Jim, your point is an excellent one for spec jobs - get out a quick logo that the client wants, sans full design process.

I think that the biggest point is that the scrawl a non-designer comes up with conveys a lot about the brand which an outsider like a designer needs to see. They didn't see you conceive of the idea, so as much as you can give them on where you are coming from gives them so much more to intuit from. This isn't to say that a designer should restrict themselves to merely copying & cleaning up a napkin drawing.

Jim Leff said...

Second anonymous, yeah, you make a good point. I could have made my case more thoughtfully.

From the graphic designer's point of view, I understand that customers are IMPOSSIBLE. Designers try diligently to give them what they want, but customers are inarticulate, and expect the designer to use telepathy to produce something not just professional and apt, but that somehow resembles the foggy picture they have in their heads.

Or, as a really good (actually, kind of great) designer I'm presently working with put it, clients are great at saying what they DON'T want, but rarely are able to convey what they DO want.

Under these circumstances, it is indeed unrealistic to expect designers to be creative. It's hard enough for them to get any sort of mind meld going with their clients to churn out something reasonably usable.

Ok, that was the designer's side of the story (and one which i profoundly relate to, as a musician who's frequently had to give inarticulate producers what they think they want in recording studios!). The truth is, of course, a combo of both perspectives!

There are awesome graphics designers out there. Most are so-so (most of EVERYTHING is so-so!). My point is that even a so-so designer can clean up a napkin sketch reasonably well. So no sense struggling over frustrating issues of concept. On that we can agree, no?

Jim Leff said...

First anonymous, thanks for sharing! Sorry I didn't approve your snider "you suck" follow-ups.

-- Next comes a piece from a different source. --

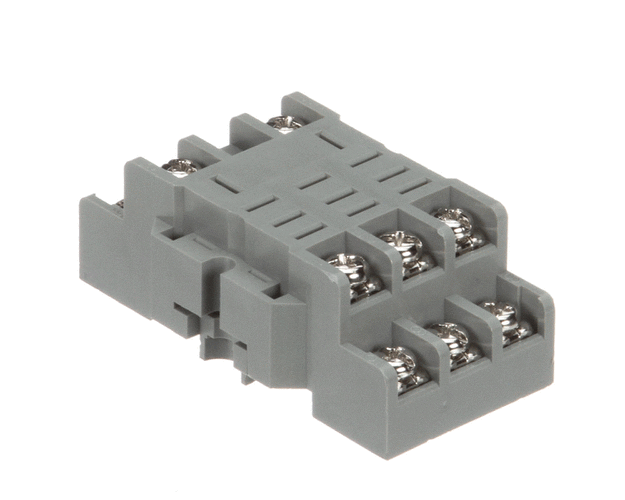 CHAMPION - MOYER DIEBEL PARTS 112415 - SKU CHA112415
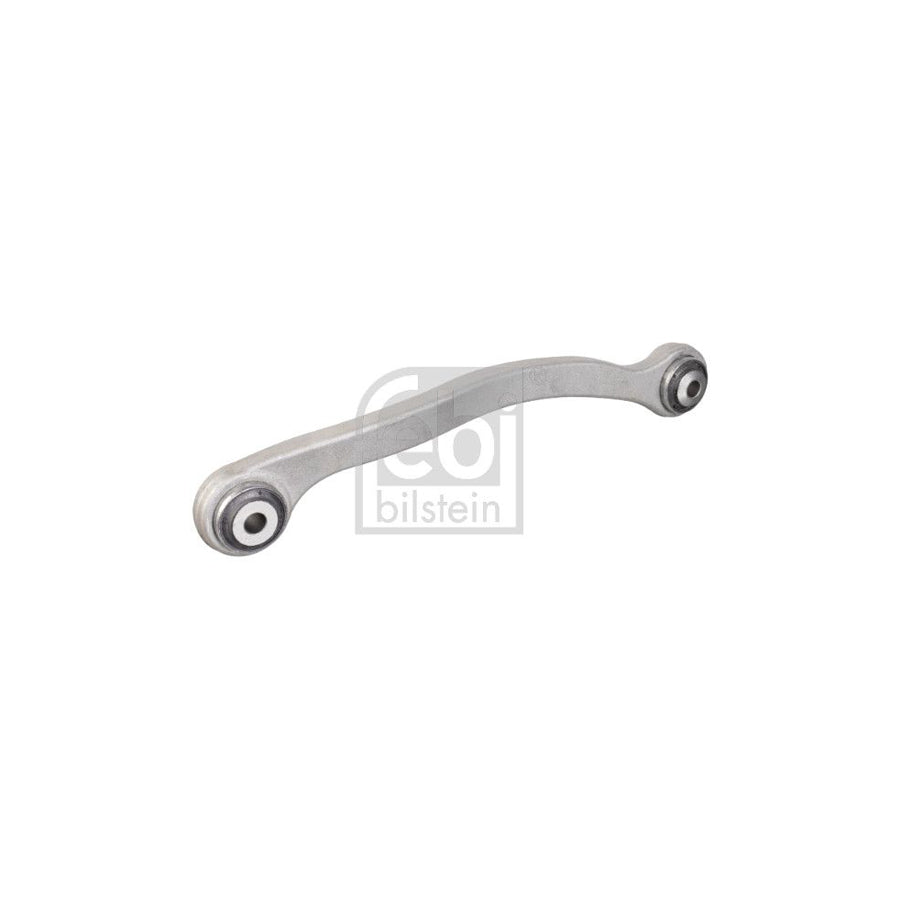 Febi Bilstein 23963 Suspension Arm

Nope, wasn't "implying" that! In fact, a careful read would have indicated the Chowhound logo was NOT created according to this advice. It was, in fact, done by a pro with vast experience, "condensation" or not.

"You clearly have no idea what a graphic designer does"

Well, hmm. Actually, you, like many (though by no means all) graphic designers, have no idea what a graphic designer ought to do. I'll explain:

The function of graphics for commercial use is not to impress graphics people. Its purpose is to set a tone and demarcate a brand for a given market. Chowhound reached nearly a million people and became a nationally-known brand with a marketing budget of exactly zero. A great many people grew emotionally attached to the brand as soon as they came through our door, and identified with it quite strongly.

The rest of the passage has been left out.